Last week, the Ontario government released draft regulations under which 102 large industrial emitters will get free allowances to produce greenhouse gases (GHGs) at current levels in 2017 and would then have to reduce their emissions by more than four percent a year until 2020. Distributors of gasoline, home heating fuel and natural gas will have to purchase permits for every litre or cubic metre they sell. The levy would add 4.3 cents to a litre of gasoline and about $5 to $6 a month for heating the average home, while raising more than $1.3 billion from consumers.
When done right, emission trading can emulate a carbon tax, considered to be the most efficient (and least economically distorting) approach to pricing in the cost of environmental externalities into people’s choices. When done badly, however, as is more common, cap-and-trade can cause significant economic harms. While one could write a book on the potential pitfalls of cap-and-trade, three stand out vividly: politicized permit allocation; economic strangulation; and energy price volatility. Let’s focus on the first pitfall.
In 2009, the United States was considering a cap-and-trade bill named Waxman-Markey, which, like the Ontario plan, counted on giving away most carbon permits, mainly to energy producers. At the time, both President Barack Obama and U.S. Budget Director Peter Orzag both observed that giving away emission permits would enable politicians to game the system, playing favourites with freely-allocated permits, and, in Orzag’s words, giving away permits “. . . would represent the largest corporate welfare program that has ever been enacted in the history of the United States.”
Harvard economist Gregory Mankiw spelled it out concisely: “Economists recognize that a cap-and-trade system [with free permit allocation] is equivalent to a tax on carbon emissions with the tax revenue rebated to existing carbon emitters . . . That is, Cap-and-trade = Carbon tax + Corporate welfare.”
And another economist with a long career studying cap-and-trade systems, Ian Parry at the respected U.S. think-tank Resources For the Future (RFF) observed “Freely allocated tradable emission permits may actually hurt the poor the most, as they transfer income to shareholders via scarcity rents created at the expense of higher prices.”
All that brings us to today. Unsurprisingly, the Wynne government made the choice to politically-allocate the permits, rather than using an auction approach generally favoured by economists.
One has to wonder, did the Wynne government make any effort to learn from past experiences with emission trading of greenhouse gases?
The government claims that households, particularly poorer households, will not feel the pain of the new cap-and-trade regime because the government is going to give them some of the money paid in by better-off households, and help them improve their energy efficiency.

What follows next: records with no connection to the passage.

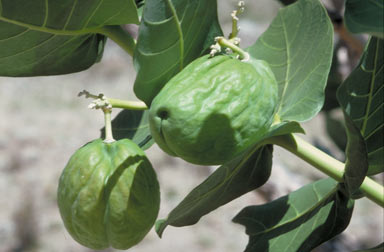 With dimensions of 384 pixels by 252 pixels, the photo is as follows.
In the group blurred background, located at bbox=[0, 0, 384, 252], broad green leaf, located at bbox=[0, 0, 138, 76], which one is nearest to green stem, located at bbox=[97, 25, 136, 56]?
broad green leaf, located at bbox=[0, 0, 138, 76]

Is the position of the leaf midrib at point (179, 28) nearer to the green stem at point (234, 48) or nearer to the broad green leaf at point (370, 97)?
the green stem at point (234, 48)

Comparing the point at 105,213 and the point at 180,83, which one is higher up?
the point at 180,83

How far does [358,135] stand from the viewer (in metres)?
0.88

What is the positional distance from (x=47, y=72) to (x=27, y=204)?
159 inches

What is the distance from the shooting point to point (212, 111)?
812 millimetres

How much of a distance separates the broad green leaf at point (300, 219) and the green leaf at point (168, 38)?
0.47 metres

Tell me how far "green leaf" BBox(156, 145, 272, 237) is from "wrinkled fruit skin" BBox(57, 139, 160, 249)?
0.29 ft

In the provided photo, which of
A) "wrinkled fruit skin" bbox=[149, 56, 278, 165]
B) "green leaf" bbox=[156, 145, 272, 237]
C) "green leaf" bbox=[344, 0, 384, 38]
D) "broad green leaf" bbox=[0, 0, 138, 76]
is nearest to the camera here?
"green leaf" bbox=[344, 0, 384, 38]

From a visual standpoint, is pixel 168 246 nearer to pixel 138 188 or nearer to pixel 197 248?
pixel 197 248

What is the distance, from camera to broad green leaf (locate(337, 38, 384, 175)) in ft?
3.11

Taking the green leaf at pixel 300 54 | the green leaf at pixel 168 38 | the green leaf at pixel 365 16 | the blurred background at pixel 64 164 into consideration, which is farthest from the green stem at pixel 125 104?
the blurred background at pixel 64 164

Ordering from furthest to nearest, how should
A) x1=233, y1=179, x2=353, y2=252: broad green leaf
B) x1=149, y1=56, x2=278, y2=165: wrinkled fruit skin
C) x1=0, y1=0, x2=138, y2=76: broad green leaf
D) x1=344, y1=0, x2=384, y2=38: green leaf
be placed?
x1=233, y1=179, x2=353, y2=252: broad green leaf → x1=0, y1=0, x2=138, y2=76: broad green leaf → x1=149, y1=56, x2=278, y2=165: wrinkled fruit skin → x1=344, y1=0, x2=384, y2=38: green leaf

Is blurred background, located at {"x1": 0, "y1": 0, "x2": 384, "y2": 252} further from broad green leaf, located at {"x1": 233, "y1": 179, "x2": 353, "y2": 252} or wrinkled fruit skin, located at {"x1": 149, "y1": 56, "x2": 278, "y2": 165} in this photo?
wrinkled fruit skin, located at {"x1": 149, "y1": 56, "x2": 278, "y2": 165}

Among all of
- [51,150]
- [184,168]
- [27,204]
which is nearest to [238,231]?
[184,168]
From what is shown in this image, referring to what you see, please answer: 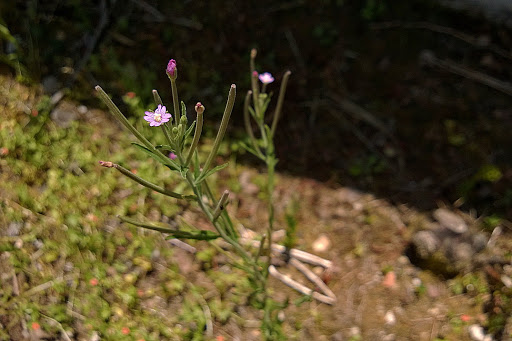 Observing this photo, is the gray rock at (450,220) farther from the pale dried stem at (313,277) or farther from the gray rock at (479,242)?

But again, one has to ask, was there any due diligence in trying to avoid mistakes of the past?
A study just last year, from the University of Chicago studied the experience of 30,000 homes in Michigan, some of which were given assistance to improve household energy efficiency, and others that were not. The researchers found that the cost of improving household efficiency was more than twice the value of the energy savings.

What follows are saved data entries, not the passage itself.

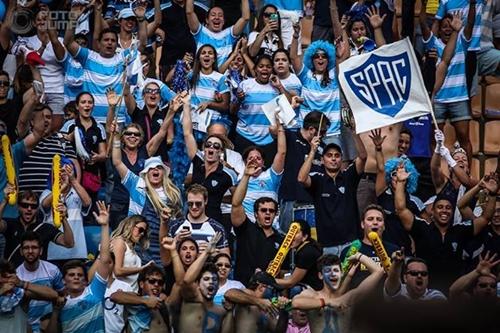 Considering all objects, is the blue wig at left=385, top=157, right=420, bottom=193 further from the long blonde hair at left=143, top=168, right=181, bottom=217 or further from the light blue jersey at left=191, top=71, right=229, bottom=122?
the light blue jersey at left=191, top=71, right=229, bottom=122

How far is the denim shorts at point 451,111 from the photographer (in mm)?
14242

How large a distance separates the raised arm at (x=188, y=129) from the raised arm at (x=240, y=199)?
1.55 metres

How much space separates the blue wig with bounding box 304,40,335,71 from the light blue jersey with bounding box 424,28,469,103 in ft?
4.49

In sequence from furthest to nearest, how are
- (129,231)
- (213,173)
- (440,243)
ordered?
(213,173) → (129,231) → (440,243)

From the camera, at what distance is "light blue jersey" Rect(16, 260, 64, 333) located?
9.61 metres

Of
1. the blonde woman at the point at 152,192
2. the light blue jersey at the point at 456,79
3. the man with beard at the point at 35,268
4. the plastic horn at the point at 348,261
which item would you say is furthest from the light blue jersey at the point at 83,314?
the light blue jersey at the point at 456,79

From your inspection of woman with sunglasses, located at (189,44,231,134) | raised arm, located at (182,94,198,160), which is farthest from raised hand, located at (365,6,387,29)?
raised arm, located at (182,94,198,160)

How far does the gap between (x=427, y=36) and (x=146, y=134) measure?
3934mm

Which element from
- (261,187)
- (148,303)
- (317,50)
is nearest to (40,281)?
(148,303)

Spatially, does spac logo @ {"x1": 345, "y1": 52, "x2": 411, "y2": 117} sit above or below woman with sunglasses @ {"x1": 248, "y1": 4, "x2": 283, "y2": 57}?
below

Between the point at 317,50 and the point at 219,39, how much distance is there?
157cm

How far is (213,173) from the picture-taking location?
11.6m

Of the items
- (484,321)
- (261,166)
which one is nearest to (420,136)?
(261,166)

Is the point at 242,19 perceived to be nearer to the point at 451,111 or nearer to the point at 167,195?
the point at 451,111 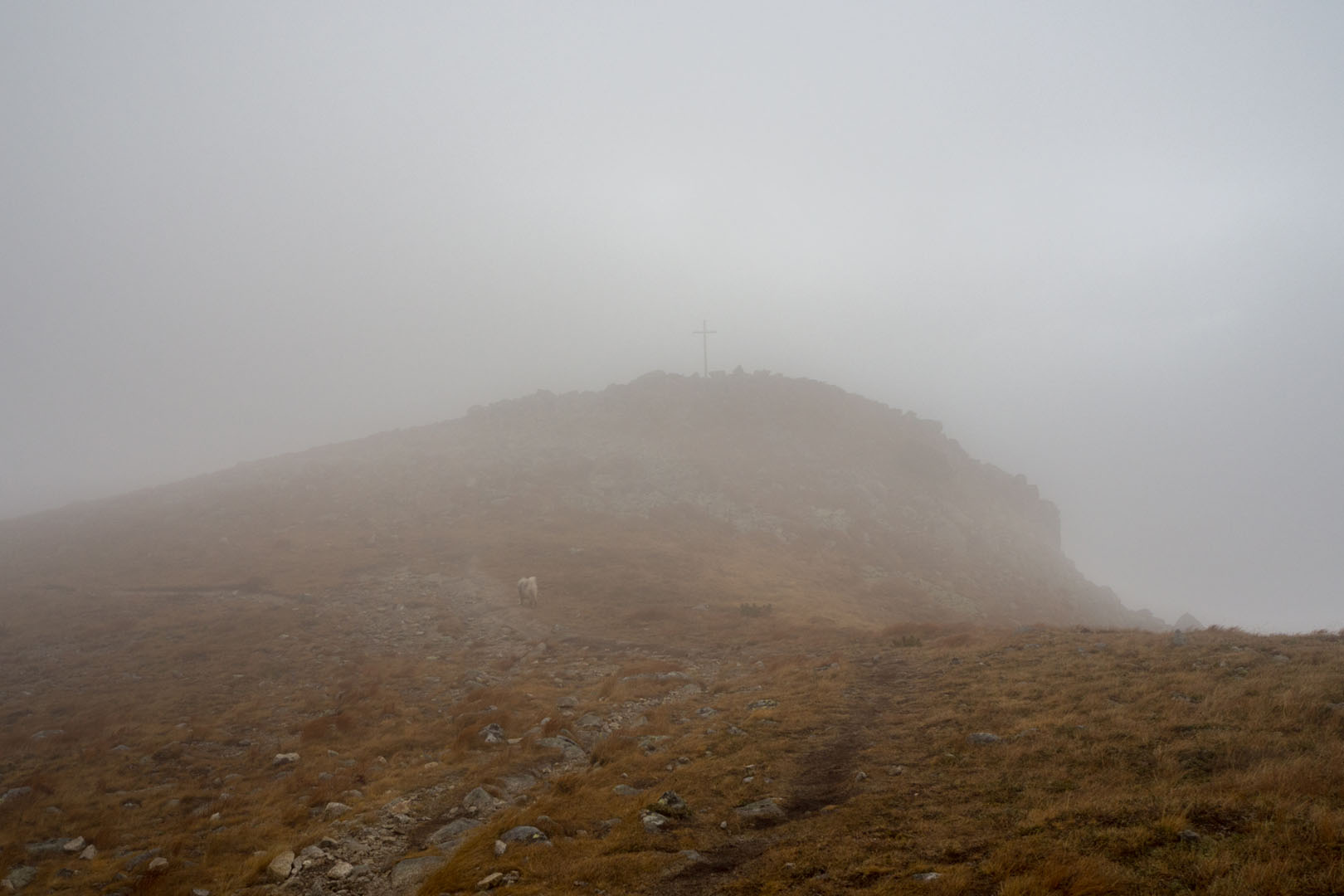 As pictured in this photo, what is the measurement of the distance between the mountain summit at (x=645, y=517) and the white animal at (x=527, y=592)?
2.79 meters

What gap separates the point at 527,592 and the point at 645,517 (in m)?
20.5

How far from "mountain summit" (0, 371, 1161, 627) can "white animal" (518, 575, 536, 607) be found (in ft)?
9.15

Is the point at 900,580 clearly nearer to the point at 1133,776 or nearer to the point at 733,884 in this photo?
the point at 1133,776

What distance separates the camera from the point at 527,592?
38250 mm

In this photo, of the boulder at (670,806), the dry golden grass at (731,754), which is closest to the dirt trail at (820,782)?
the dry golden grass at (731,754)

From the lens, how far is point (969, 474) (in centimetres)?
7838

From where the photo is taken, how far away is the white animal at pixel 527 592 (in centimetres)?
3819

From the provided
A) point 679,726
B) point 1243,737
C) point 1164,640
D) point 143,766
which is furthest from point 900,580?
point 143,766

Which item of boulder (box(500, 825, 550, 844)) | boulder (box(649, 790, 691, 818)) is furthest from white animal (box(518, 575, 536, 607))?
boulder (box(649, 790, 691, 818))

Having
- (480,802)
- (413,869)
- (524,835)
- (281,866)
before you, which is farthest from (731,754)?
(281,866)

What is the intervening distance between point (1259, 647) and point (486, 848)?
2386 cm

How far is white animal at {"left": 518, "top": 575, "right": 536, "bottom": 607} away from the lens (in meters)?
38.2

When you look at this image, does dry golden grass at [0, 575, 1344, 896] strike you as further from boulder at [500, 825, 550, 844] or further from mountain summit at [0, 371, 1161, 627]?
mountain summit at [0, 371, 1161, 627]

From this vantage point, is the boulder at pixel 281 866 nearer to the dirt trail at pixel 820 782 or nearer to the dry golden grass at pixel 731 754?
the dry golden grass at pixel 731 754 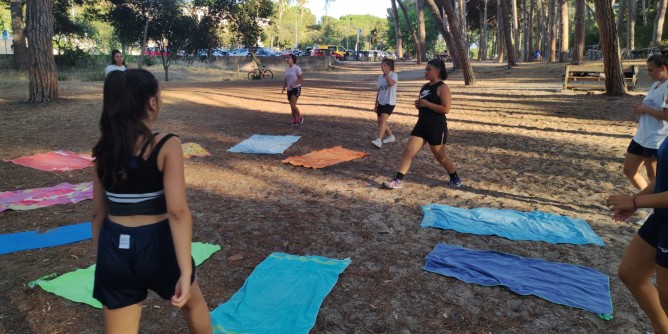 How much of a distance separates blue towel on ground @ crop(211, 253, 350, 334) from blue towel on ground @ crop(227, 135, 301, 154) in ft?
14.8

Having committed itself to international targets for GHG emission reductions (and omitting for now the wisdom of accepting those targets), governments at all levels across Canada are looking for ways to reduce their GHG emissions. Some approaches are clearly better than others and some are not only worse, but egregiously worse. Cap-and-trade is clearly of the latter sort. The Wynne government should have known this, but instead, politics has undermined policy, and Ontarian households are going to feel the pain, while politically connected industries will reap a windfall.
Kenneth P. Green is Sr. Director, Natural Resource Studies at the Fraser Institute.